Mourning Resonates From Staten Island to Sri Lanka

by Nina Bernstein for New York Times

(March 05, New York, Sri Lanka Guardian) It sounds like a throwback to another century: A healthy, middle-class woman sickens late in her pregnancy, gives birth and dies two and a half weeks later, leaving her young husband to care for their newborn son alone.

Even the new father, Indika S. Arachchige, 34, grieving in their Staten Island home under balloons and streamers that exclaim, “It’s a Boy,” still cannot quite believe that so much everyday American happiness could be swept away so fast.

A pending autopsy may explain the death of his wife, Tai Ling Feng, 36, a Taiwan-born United States citizen who worked in a bank. But to the young widower and the multiethnic circle of friends who had cheered on the couple’s courtship as a uniquely New York love story, immigration law now seems to be compounding a New York tragedy.

Mr. Arachchige, a legal permanent resident from Sri Lanka who manages two Subway sandwich shops on Staten Island, finds himself without a relative in the United States, struggling to adjust to life with a newborn while mourning his wife, who died three weeks ago.

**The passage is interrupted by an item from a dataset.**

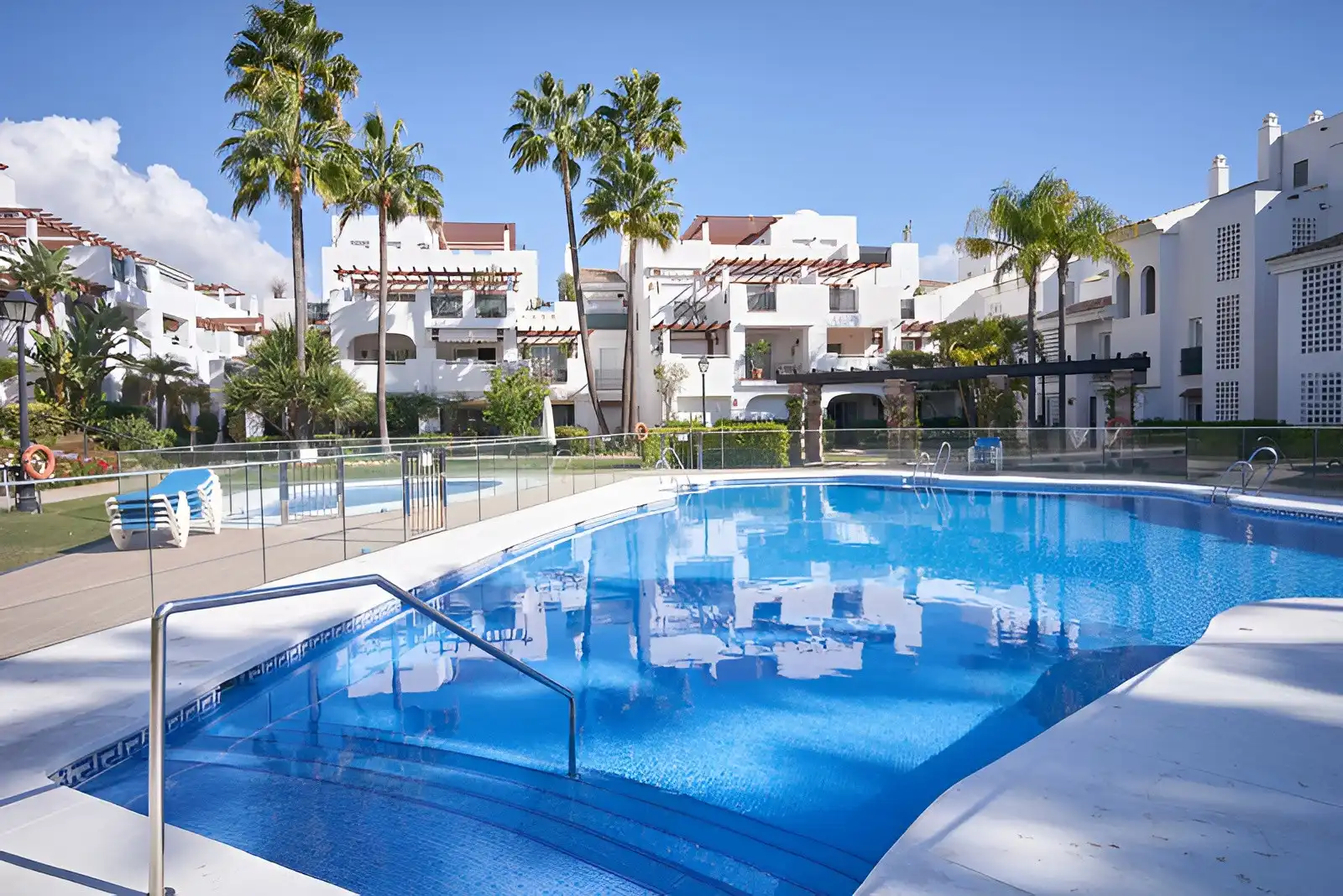 Piscina de Planta baixa en venda en Marbella amb Aire condicionat, Terrassa i Traster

He “desperately needs the support of his family in this time of need,” a social worker at Staten Island University Hospital wrote to the United States Embassy in Sri Lanka, urging American officials to grant Mr. Arachchige’s 24-year-old sister permission to visit to help care for the baby.
But despite pleas from doctors and hospital administrators, beginning before the mother’s death, American officials have denied the sister a tourist visa — apparently because they are not convinced that she would ever return to Sri Lanka, a poor country torn by civil war.

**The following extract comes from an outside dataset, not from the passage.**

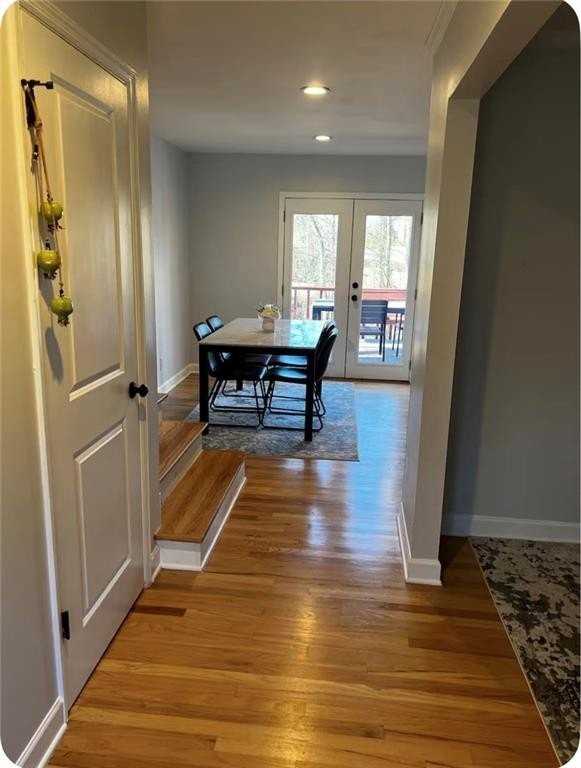 1590 Woodcreek Dr - Photo 3 of 15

Such denials are routine, said Cyril Ferenchak, a spokesman for the State Department, noting that he could not discuss individual cases because of confidentiality laws. While people with European passports can just get on a plane and expect to be granted a 90-day visit, citizens from less prosperous countries must apply for a visa under rules designed to prevent illegal immigration. And a young, unmarried, unemployed woman responding to her brother’s need would have great difficulty showing she had “compelling ties” to Sri Lanka to guarantee her return, Mr. Ferenchak said.

Moreover, he said, her care for the baby might be construed as working — that is, taking an American’s job — because she would be “filling a void as a caregiver.”

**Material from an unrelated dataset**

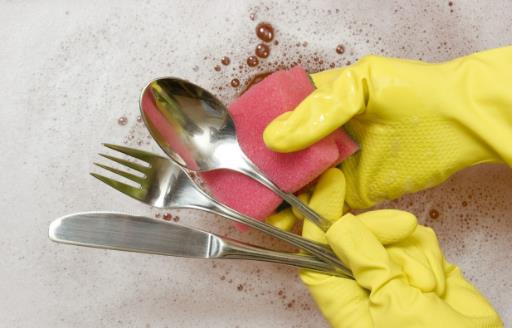 用洗洁精洗碗手发痒怎么办,洗洁精为什么会伤手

So the father’s buddies from the sandwich shop and the mother’s girlfriends from the bank were trying to fill the void after the infant left the hospital on Feb. 24, the day after his mother’s burial.

While the new father was at prayers for the dead at a Buddhist temple, the mother’s girlfriends, most of them Hispanic, decorated the house with balloons for the baby’s homecoming. The sole female employee at the sandwich shop, an Irish-American mother of three who had sat beside the father at the wake as he sobbed uncontrollably, gave up her days off to baby-sit. And his mostly Sri Lankan male co-workers, knowing that he dreaded being alone, dropped by with food every evening and stayed for hours.

Still, when his son, Brian, began to cry, it was up to the dad to scoop him up from the crib and try to comfort him with a bottle, a fresh diaper or a rocking embrace, as the nurses in the hospital had taught him.

On a Friday at the end of that first week, after a night when the baby had awakened three times and a snowstorm kept friends away, the father seemed dazed by grief and exhaustion.

Softly, he recounted the days and nights since Jan 17, when Ms. Feng was admitted to the hospital with a fever that baffled medical specialists — as a doctor involved in her care confirmed. Hospital officials would not discuss her case, citing privacy laws. Labor was induced on Jan. 24, a month before her due date, and she gave birth to a healthy 6 pound 4 ounce boy.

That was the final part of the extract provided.